Extracted records

+---+

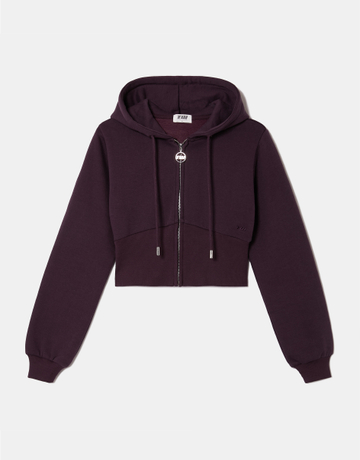 Felpa con cappuccio viola con zip | TALLY WEiJL
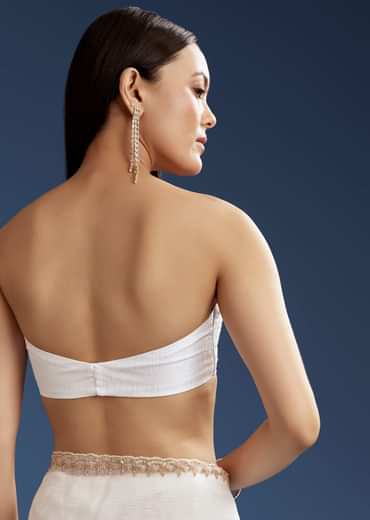 White Crushed Tissue Cutdana And Sequin Embroidered Saree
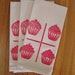 2nds SALE cupcake grid tea towel block print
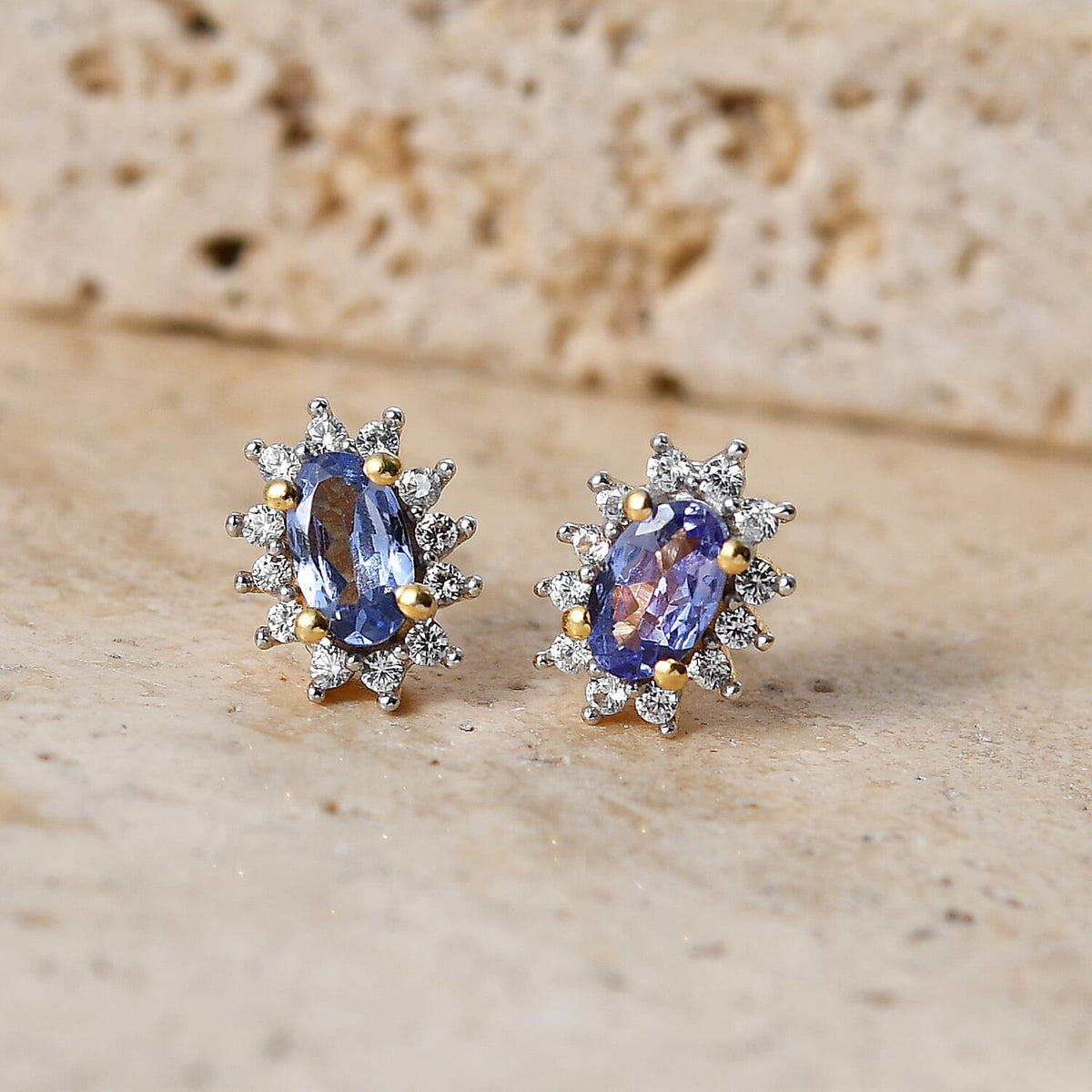 D'Joy - Tanzanite &amp; White Zircon Halo Earring with Push Post in Yellow Gold Plated Sterling Silver V32533824 3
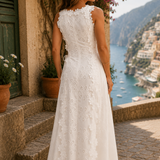 Adele | Elegantes besticktes Maxikleid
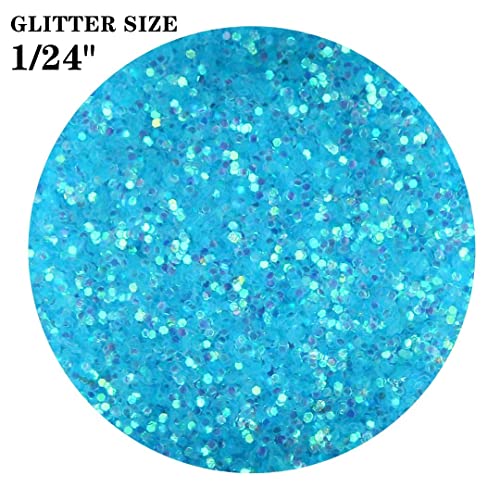 TORC Iridescent Turquoise Blue Chunky Glitter 1 Pound 16 OZ Glitter for Resin Crafts Tumblers Cosmetic Makeup Nail Art Festival Decoration - WoodArtSupply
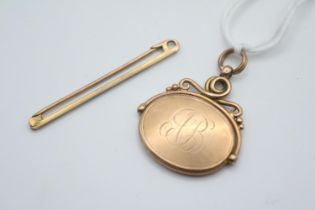 9ct Gold Tie Bar and a Early 20thC 9ct Gold Rotating watch chain fob 7.8g total weight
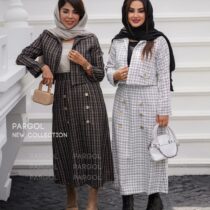 ست کت و دامن ماکیا سفید مشکی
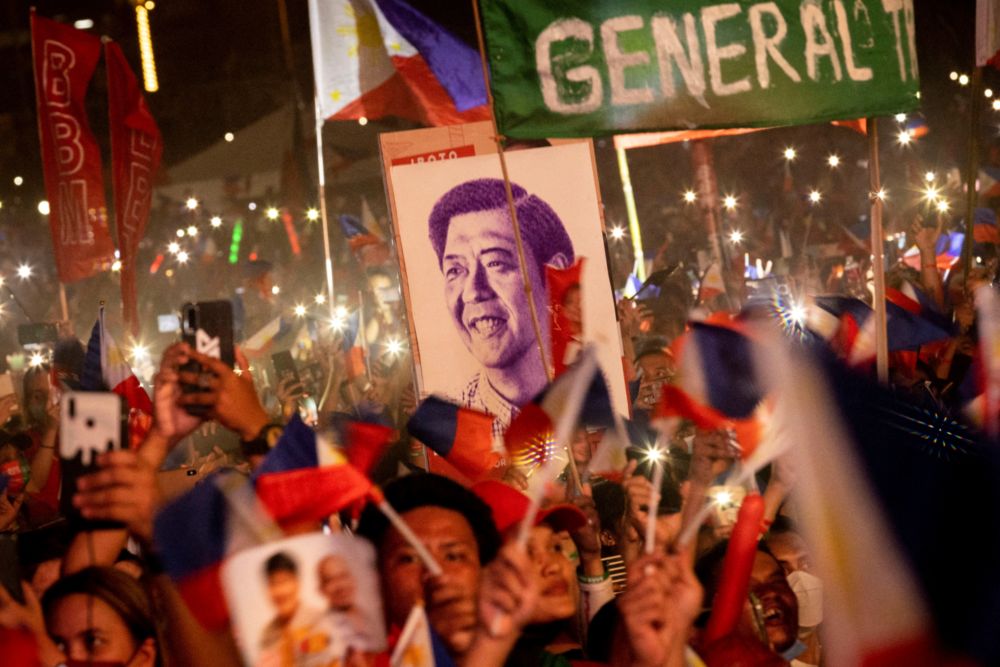 A portrait of Ferdinand u00e2u20acu02dcBongbongu00e2u20acu2122 Marcos Jr, the son and namesake of the late Philippine dictator, is seen during the presidential candidate's final campaign rally, in Paranaque City, Metro Manila, May 7, 2022. u00e2u20acu201d Reuters pic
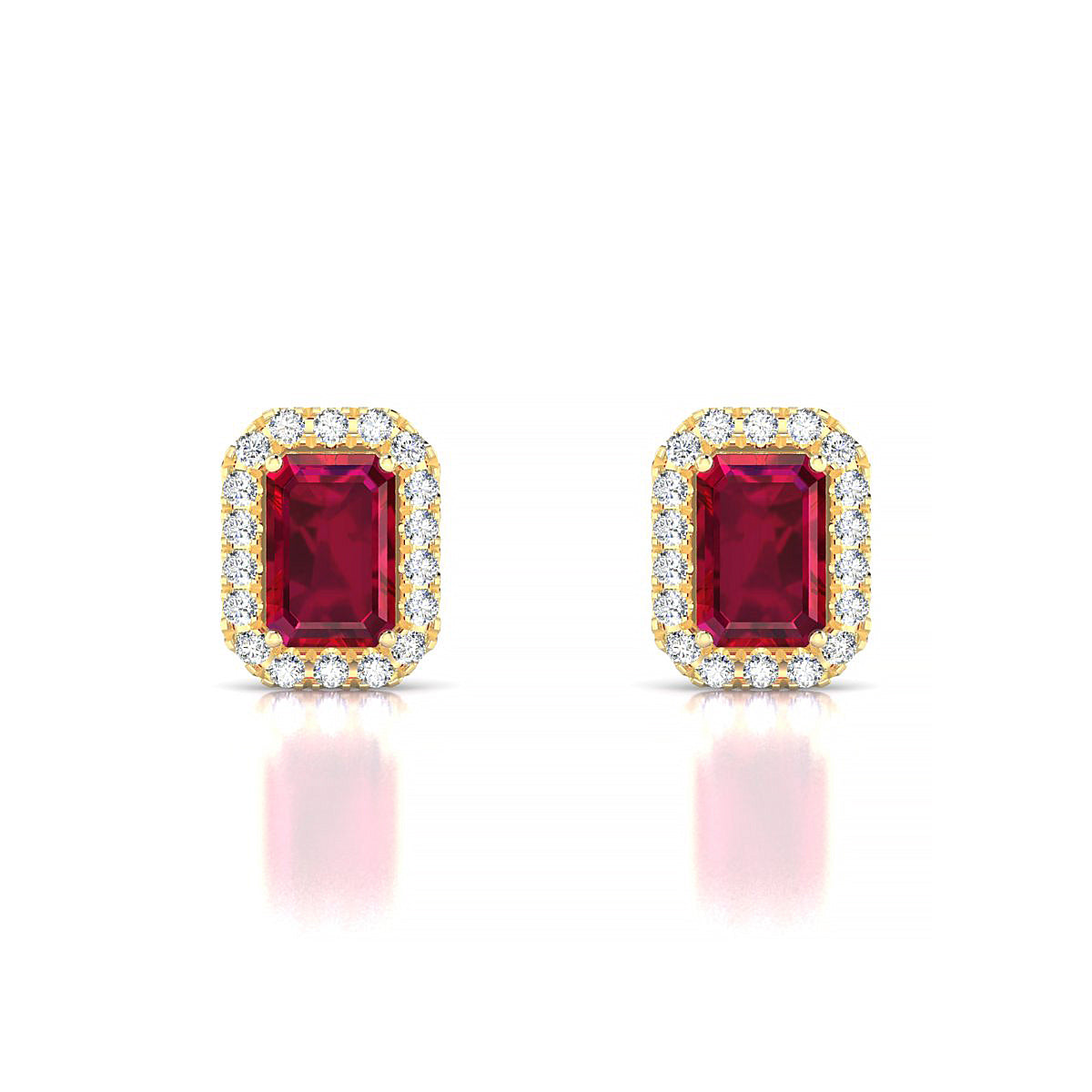 Solar | 18k Yellow Gold 6 x 4 mm Emerald Ruby Earrings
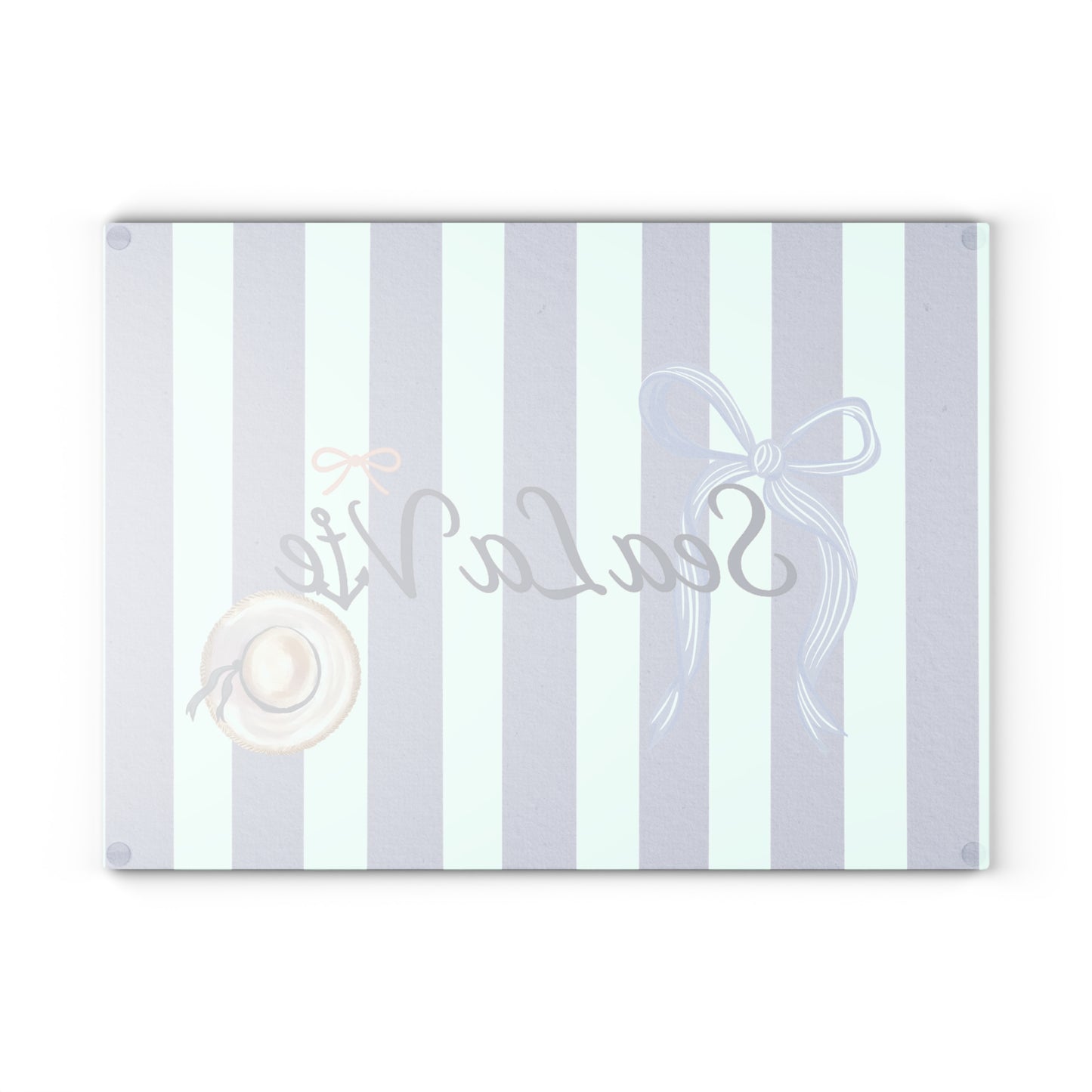 Sea la Vie Beach-Themed Glass Cutting Board, Nautical Kitchen Decor, Gift for Sea Lovers, Coastal Living, Sea La Vie Board, Nautical Kitchen Accessory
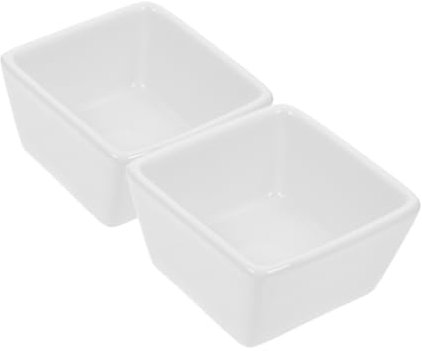 SECFOU 2pcs Square Ceramic Candy Storage Jars Condiment Dish Food Holder for Cafe Kitchen Seasoning Plate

+---+

> **TASK ITEM**
The records above need retyping in full. Omit the pictures, and change nothing else.

> **FINAL ANSWER**
 Felpa con cappuccio viola con zip | TALLY WEiJL
 White Crushed Tissue Cutdana And Sequin Embroidered Saree
 2nds SALE cupcake grid tea towel block print
 D'Joy - Tanzanite &amp; White Zircon Halo Earring with Push Post in Yellow Gold Plated Sterling Silver V32533824 3
 Adele | Elegantes besticktes Maxikleid
 TORC Iridescent Turquoise Blue Chunky Glitter 1 Pound 16 OZ Glitter for Resin Crafts Tumblers Cosmetic Makeup Nail Art Festival Decoration - WoodArtSupply
 9ct Gold Tie Bar and a Early 20thC 9ct Gold Rotating watch chain fob 7.8g total weight
 ست کت و دامن ماکیا سفید مشکی
 A portrait of Ferdinand u00e2u20acu02dcBongbongu00e2u20acu2122 Marcos Jr, the son and namesake of the late Philippine dictator, is seen during the presidential candidate's final campaign rally, in Paranaque City, Metro Manila, May 7, 2022. u00e2u20acu201d Reuters pic
 Solar | 18k Yellow Gold 6 x 4 mm Emerald Ruby Earrings
 Sea la Vie Beach-Themed Glass Cutting Board, Nautical Kitchen Decor, Gift for Sea Lovers, Coastal Living, Sea La Vie Board, Nautical Kitchen Accessory
 SECFOU 2pcs Square Ceramic Candy Storage Jars Condiment Dish Food Holder for Cafe Kitchen Seasoning Plate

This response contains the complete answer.